Compared to c-Si PV systems, thin-film arrays generally have shorter source circuits and require more series strings for the same power capacity. As a result, aerial inspections tend to reveal relatively higher rates of string failures in thin-film systems. IR inspections of thin-film arrays can also identify isolated hot spots, major differences in module efficiency caused by differential degradation rates, or internal variations in thin-film deposition quality.

To complement the IR imagery, aerial inspections should also capture high-resolution images in the visible spectrum. These conventional aerial images can reveal the presence and distribution of soiling, locations or regions requiring additional vegetation control, physical damage to racking, site erosion, encapsulant degradation or discoloration, and so forth. As shown in Figure 2, investigators can correlate these datasets to add further insight into failure modes and allow more-accurate root cause analysis of failures.
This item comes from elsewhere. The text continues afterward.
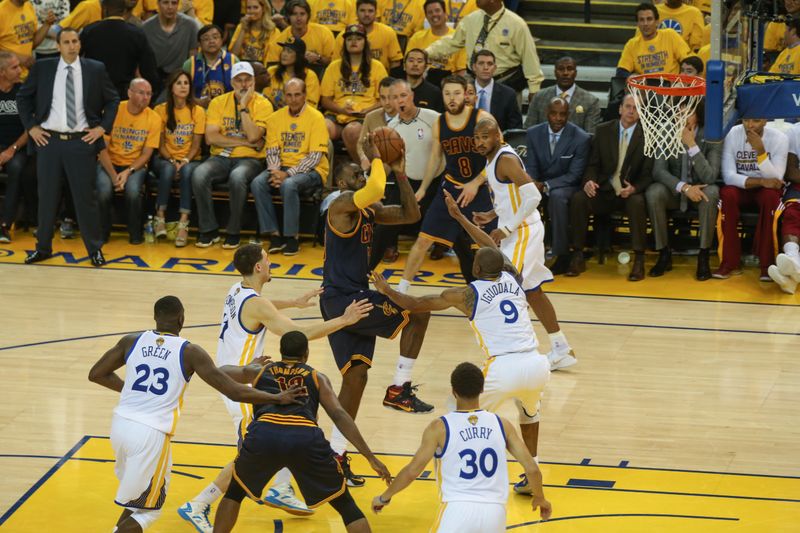 LeBron James rekor kırdı Golden State kazandı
Benefits of Aerial Inspections

The value propositions associated with aerial inspections include more-comprehensive site coverage, enhanced visibility into plant performance issues and improved site safety.

Comprehensive coverage. Operators can use high-quality aerial inspections in lieu of labor-intensive preventative maintenance activities, including manual I-V curve traces, voltage and current measurements, handheld IR thermography, module electrical connection tests and visual inspections. In comparison to these manual tests, aerial inspections not only identify dc performance issues with a higher degree of accuracy (and less labor), but also allow operators to characterize an entire plant under consistent operating conditions.

Where operators rely exclusively on manual preventative maintenance tests, technicians generally characterize only a representative subset of source circuits at a site each year. Because it takes a lot of time to conduct manual tests, especially on multi-megawatt sites that cover hundreds if not thousands of acres, the test conditions are inherently more variable, which complicates the process of comparing and analyzing the results. This piecemeal approach can result in undetected losses.

Enhanced visibility. Heliolytics has inspected more than 2.5 GW of PV projects internationally. We performed a comparative analysis on 1.6 GW of this portfolio across 280 sites, ranging from 60 kW to 250 MW,  which is representative of systems from across North America, and filtered that selection to exclude systems with failure rates over 10%. Analyzing these representative data in the aggregate, we find that phantom dc capacity losses are as high as 1.25% of installed capacity across all sites, based on the expected performance impacts of observed faults. The average capacity losses for projects under 10 MW are 1.29% versus 1% for projects over 10 MW. String-level failures account for 84% of the capacity losses, with module-level faults making up the balance of the phantom losses.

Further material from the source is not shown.